Web Application testing

As with network penetration testing, either Black Box, Grey Box or White Box approaches are available for Web Application Testing.

What is Web Application Testing?

Web applications are essential for any business and its day-to-day activities. These applications include programs and websites and as such, they may hold or process sensitive data including logins, user data, and financial information.

Due to the increasing complexity of web applications, cybercriminals are finding more vulnerabilities that can be exploited. It is for this reason that web application testing and security is essential for all businesses.

Web application penetration testing is the authorised security testing of a web application. The purpose of the test is to detect vulnerabilities and identify weaknesses across all aspects of the web application. This includes all of its components such as the back-end network, database, and source code.

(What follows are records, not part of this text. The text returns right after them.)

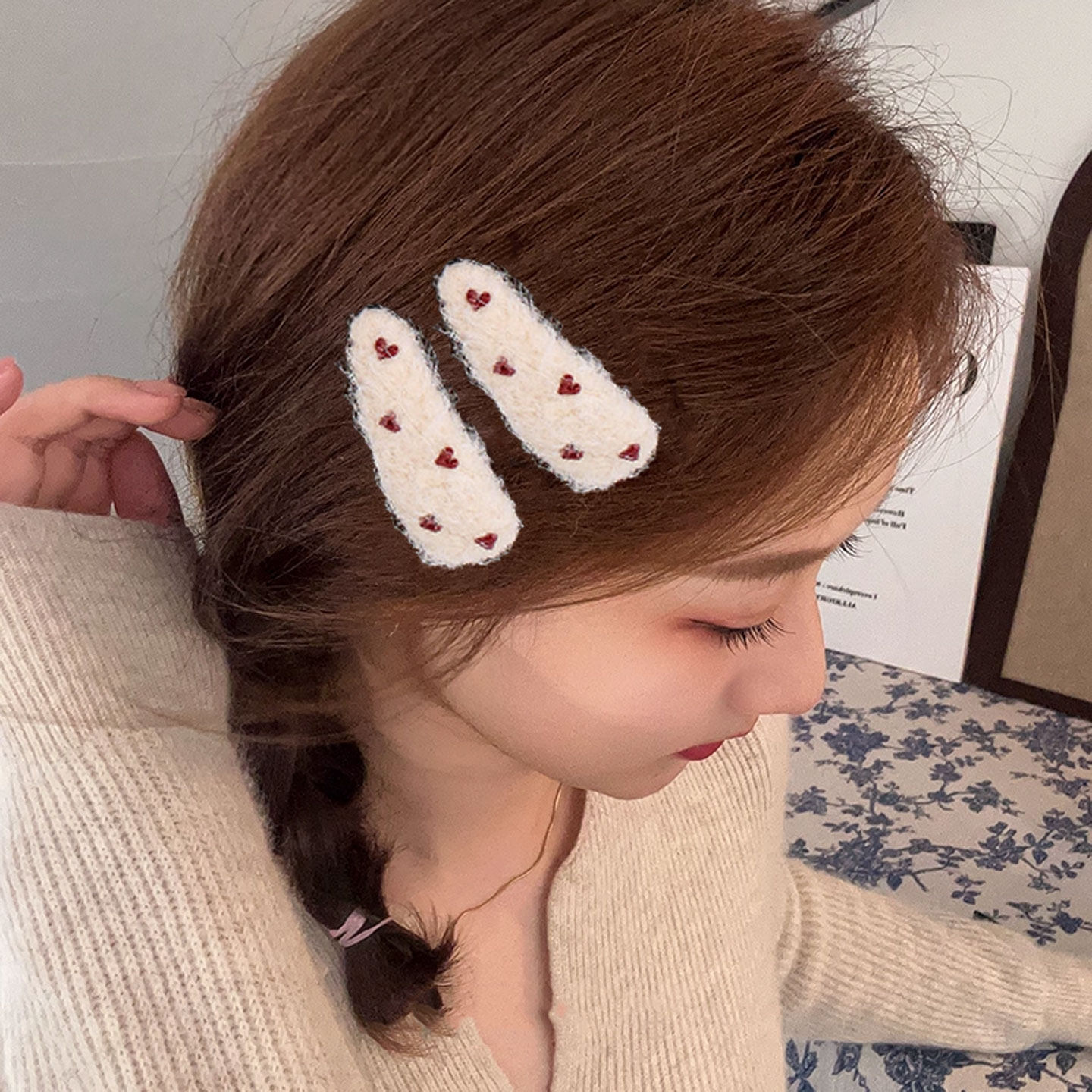 毛绒爱心发夹女侧边夹碎发夹bb夹格子发卡2025新款刘海夹边夹头饰,淘宝优惠券,粉丝福利购,淘宝优惠卷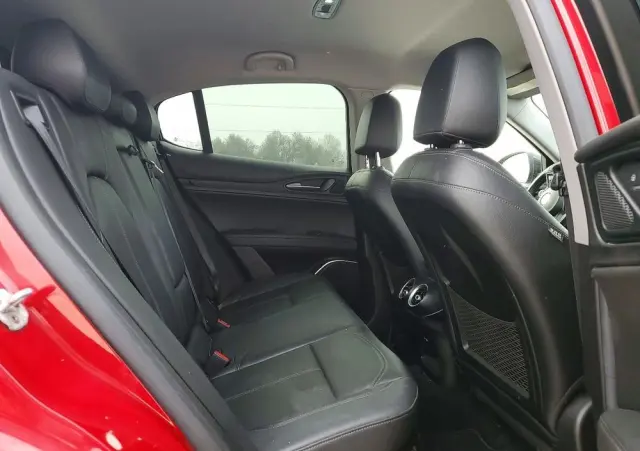 ALFA ROMEO Stelvio 2.0 Turbo 16V AT8-Q4 Lusso Ti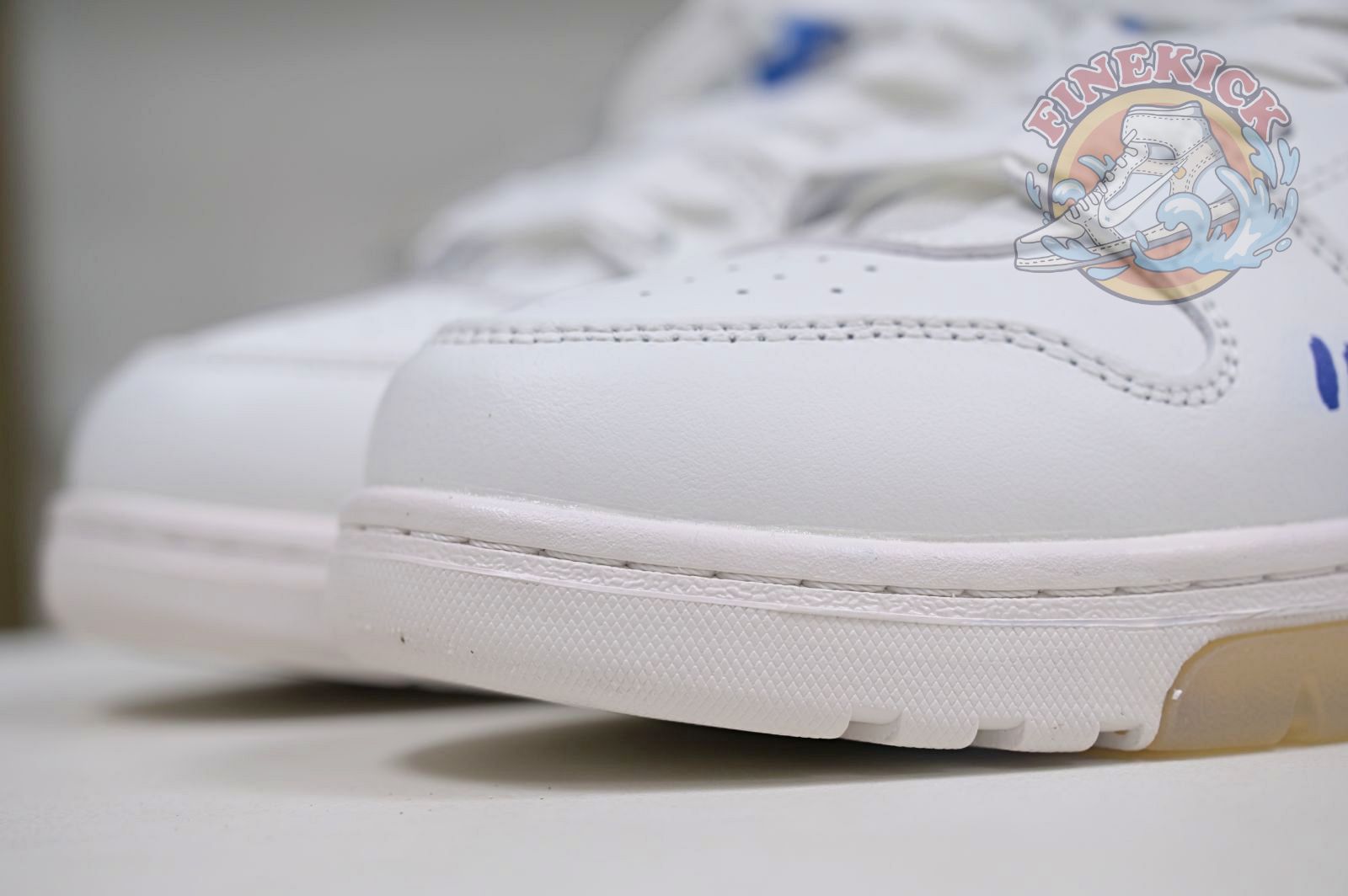 OFF-WHITE Ous Of Office - finekick.vip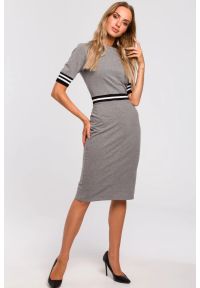Sukienki.shop - Sukienka dzianinowa dopasowana bawełniana z lampasami szara. Okazja: na co dzień, do pracy. Kolor: szary. Materiał: dzianina, bawełna. Typ sukienki: ołówkowe, sportowe. Styl: casual, elegancki, sportowy #1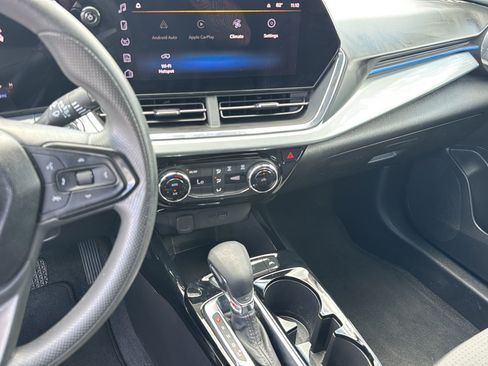 Used 2025 Chevrolet Trax LT FWD image 11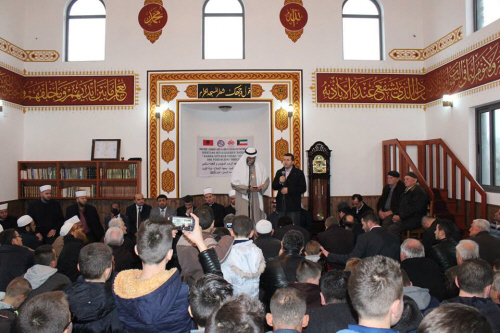 U inaugurua xhamia e re në fshatin Mjedë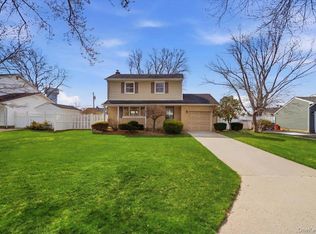 6 Arden Lane, Commack, NY 11725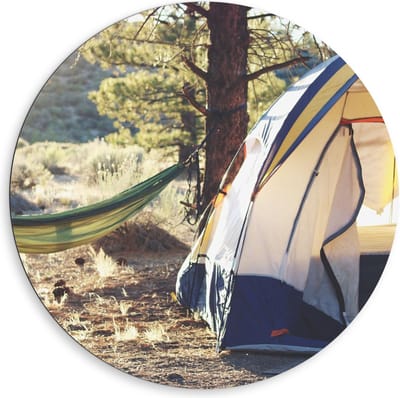 Dibond Wandcirkel - Tent met Hangmat in de Bossen - 80x80cm Foto op Aluminium Wandcirkel (met ophangsysteem)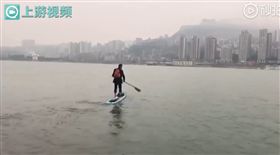 這通勤方式太瘋狂！大陸猛男「穿西裝划槳」直渡長江上班（圖／翻攝自上游視頻秒拍）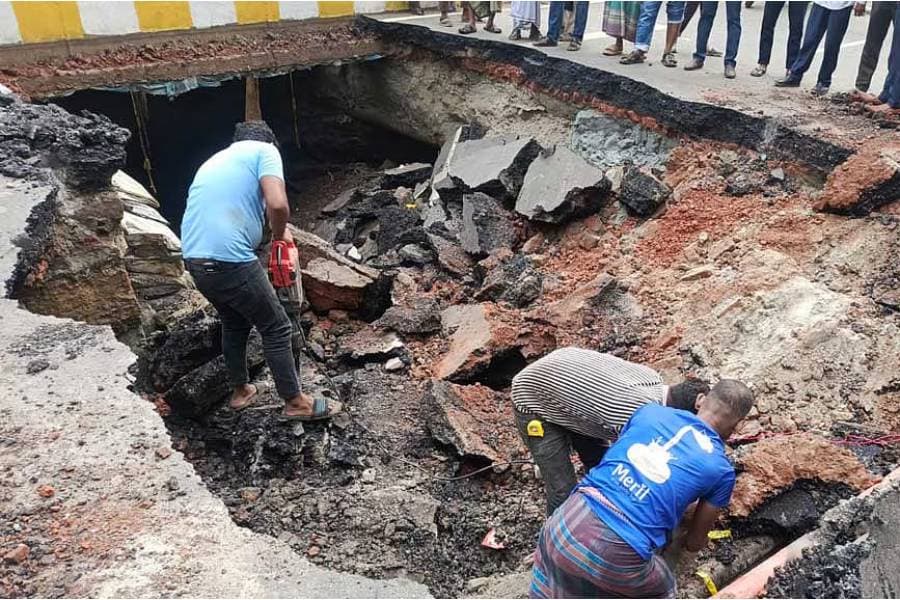 WASA pipe leak triggers Narinda road collapse, repairs to take ‘a week’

Web application penetration testing is similar to standard penetration testing, but it is focused on breaking into the application, by means of a penetration attack. A cybersecurity tester works from the perspective of an attacker to target the web application firewall (WAF). Both manual and automated attacks are simulated using known malicious tactics and techniques.

Highly advised

Do I need a Web Application test?

It is often recommended to have a web application penetration test when your web application is dealing with customer data. A web application test is also advised if the web application is hosted within a server, within the company network, and this is allowing people from the open internet into your company network.

What is required?

The information required to begin a web application test depends upon whether the attack is from the perspective of a black-box test or grey-box test.

Black-box testing – this test is performed by a tester who only has knowledge of the URL and IP address of the web application that requires testing.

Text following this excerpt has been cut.